YOUR INSTRUCTIONS:
Return exactly the lines below, starting with the one that has "abordables Día festivo-Hombre" and going on through the one that has "Armoire penderie moderne".

::: DATA SECTION :::

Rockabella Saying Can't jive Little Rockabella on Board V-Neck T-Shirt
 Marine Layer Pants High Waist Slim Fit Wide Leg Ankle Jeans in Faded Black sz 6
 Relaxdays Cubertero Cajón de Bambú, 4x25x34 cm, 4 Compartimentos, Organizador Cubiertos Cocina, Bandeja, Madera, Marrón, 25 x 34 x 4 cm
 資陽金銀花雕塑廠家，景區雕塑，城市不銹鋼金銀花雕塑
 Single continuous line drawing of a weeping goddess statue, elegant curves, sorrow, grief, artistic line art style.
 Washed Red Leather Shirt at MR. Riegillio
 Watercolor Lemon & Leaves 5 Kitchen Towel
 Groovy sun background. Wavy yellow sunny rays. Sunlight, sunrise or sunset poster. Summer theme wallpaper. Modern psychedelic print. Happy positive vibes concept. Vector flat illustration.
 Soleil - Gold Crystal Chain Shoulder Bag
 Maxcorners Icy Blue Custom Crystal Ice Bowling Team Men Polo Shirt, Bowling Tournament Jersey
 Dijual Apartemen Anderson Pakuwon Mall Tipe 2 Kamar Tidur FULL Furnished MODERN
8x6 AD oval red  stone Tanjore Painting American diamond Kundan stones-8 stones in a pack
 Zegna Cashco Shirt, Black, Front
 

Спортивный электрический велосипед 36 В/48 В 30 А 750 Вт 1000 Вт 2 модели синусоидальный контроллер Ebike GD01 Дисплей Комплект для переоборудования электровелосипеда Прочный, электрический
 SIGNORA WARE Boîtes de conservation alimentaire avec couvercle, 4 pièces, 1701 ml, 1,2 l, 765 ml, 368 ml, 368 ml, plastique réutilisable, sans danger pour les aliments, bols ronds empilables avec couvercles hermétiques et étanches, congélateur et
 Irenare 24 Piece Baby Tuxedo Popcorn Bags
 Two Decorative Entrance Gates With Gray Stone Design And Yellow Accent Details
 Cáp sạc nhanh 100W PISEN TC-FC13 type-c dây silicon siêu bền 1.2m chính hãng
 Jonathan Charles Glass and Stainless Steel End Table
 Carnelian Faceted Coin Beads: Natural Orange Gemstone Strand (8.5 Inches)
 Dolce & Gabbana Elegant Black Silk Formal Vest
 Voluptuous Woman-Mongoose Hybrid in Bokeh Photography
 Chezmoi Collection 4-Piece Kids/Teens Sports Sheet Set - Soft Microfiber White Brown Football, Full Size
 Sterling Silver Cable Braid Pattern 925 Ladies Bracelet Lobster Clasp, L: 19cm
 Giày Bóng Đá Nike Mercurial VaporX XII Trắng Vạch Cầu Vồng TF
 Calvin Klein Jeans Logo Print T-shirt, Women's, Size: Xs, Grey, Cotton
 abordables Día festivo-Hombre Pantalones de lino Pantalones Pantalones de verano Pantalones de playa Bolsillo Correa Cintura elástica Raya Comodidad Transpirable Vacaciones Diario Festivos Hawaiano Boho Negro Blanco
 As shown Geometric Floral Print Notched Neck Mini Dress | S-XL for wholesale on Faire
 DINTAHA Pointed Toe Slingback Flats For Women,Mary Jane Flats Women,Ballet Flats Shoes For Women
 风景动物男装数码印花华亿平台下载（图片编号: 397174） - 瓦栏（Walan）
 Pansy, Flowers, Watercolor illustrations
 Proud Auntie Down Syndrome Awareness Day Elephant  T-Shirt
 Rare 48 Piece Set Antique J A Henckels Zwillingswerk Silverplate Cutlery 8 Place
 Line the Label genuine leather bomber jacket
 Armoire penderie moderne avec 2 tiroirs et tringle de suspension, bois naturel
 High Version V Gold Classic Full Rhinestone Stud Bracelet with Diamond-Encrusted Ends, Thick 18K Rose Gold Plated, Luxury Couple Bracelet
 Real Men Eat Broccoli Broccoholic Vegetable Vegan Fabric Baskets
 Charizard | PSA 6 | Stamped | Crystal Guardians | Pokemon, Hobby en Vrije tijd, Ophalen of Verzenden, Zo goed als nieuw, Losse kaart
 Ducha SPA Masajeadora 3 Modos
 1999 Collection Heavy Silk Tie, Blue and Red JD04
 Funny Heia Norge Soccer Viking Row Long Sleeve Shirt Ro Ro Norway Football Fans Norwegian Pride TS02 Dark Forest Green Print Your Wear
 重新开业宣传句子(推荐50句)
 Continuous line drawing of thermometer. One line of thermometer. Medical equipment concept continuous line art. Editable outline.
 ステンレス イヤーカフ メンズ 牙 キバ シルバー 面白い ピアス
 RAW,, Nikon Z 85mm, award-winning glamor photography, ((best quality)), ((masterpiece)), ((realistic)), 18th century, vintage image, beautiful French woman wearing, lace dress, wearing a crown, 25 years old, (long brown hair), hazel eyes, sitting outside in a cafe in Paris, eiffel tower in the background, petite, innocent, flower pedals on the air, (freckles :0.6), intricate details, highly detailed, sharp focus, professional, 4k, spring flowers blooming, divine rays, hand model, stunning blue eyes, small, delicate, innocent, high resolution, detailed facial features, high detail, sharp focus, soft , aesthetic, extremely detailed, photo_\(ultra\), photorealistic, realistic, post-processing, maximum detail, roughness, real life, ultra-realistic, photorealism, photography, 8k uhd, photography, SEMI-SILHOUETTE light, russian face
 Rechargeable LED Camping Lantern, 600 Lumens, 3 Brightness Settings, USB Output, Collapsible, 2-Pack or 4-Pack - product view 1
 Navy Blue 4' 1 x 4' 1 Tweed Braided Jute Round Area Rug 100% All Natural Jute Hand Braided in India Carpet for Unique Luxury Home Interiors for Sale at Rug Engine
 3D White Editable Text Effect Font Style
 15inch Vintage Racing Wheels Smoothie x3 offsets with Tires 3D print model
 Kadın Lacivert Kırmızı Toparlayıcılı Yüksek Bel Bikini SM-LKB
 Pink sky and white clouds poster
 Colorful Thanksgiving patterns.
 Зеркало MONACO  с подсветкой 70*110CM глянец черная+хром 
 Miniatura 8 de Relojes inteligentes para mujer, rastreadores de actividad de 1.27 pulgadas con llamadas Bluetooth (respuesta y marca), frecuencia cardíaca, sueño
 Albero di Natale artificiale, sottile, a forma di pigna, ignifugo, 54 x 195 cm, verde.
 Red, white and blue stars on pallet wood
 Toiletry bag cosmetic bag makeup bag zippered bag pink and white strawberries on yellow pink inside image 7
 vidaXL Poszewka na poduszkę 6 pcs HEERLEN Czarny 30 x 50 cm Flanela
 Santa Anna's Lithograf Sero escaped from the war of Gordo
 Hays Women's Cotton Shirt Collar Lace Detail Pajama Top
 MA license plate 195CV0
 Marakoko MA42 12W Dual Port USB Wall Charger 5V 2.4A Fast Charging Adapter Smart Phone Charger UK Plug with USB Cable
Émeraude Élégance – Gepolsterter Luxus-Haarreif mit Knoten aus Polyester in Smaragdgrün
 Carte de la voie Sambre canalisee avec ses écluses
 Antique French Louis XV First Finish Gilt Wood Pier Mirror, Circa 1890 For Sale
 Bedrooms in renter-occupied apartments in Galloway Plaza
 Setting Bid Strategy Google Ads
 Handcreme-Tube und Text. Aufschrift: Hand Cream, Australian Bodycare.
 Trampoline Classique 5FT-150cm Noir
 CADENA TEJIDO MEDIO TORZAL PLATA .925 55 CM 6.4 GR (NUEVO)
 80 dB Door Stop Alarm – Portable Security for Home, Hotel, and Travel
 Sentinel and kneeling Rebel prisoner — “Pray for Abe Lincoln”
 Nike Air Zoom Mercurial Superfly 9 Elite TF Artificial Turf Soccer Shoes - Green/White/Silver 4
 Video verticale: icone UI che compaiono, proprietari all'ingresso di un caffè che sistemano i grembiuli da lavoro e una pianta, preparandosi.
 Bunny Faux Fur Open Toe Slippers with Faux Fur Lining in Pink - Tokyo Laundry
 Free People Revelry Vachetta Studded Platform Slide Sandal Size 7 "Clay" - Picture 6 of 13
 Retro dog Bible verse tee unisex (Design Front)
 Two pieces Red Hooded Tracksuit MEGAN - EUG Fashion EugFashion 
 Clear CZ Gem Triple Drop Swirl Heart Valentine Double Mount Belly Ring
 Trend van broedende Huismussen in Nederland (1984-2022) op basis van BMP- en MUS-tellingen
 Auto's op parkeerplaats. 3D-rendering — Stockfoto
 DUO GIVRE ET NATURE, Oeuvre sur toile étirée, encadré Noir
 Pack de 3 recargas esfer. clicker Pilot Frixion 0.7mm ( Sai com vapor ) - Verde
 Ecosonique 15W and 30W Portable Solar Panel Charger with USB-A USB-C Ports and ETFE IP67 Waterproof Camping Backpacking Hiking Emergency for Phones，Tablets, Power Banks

:::

RESULT OF THIS TASK:
 abordables Día festivo-Hombre Pantalones de lino Pantalones Pantalones de verano Pantalones de playa Bolsillo Correa Cintura elástica Raya Comodidad Transpirable Vacaciones Diario Festivos Hawaiano Boho Negro Blanco
 As shown Geometric Floral Print Notched Neck Mini Dress | S-XL for wholesale on Faire
 DINTAHA Pointed Toe Slingback Flats For Women,Mary Jane Flats Women,Ballet Flats Shoes For Women
 风景动物男装数码印花华亿平台下载（图片编号: 397174） - 瓦栏（Walan）
 Pansy, Flowers, Watercolor illustrations
 Proud Auntie Down Syndrome Awareness Day Elephant  T-Shirt
 Rare 48 Piece Set Antique J A Henckels Zwillingswerk Silverplate Cutlery 8 Place
 Line the Label genuine leather bomber jacket
 Armoire penderie moderne avec 2 tiroirs et tringle de suspension, bois naturel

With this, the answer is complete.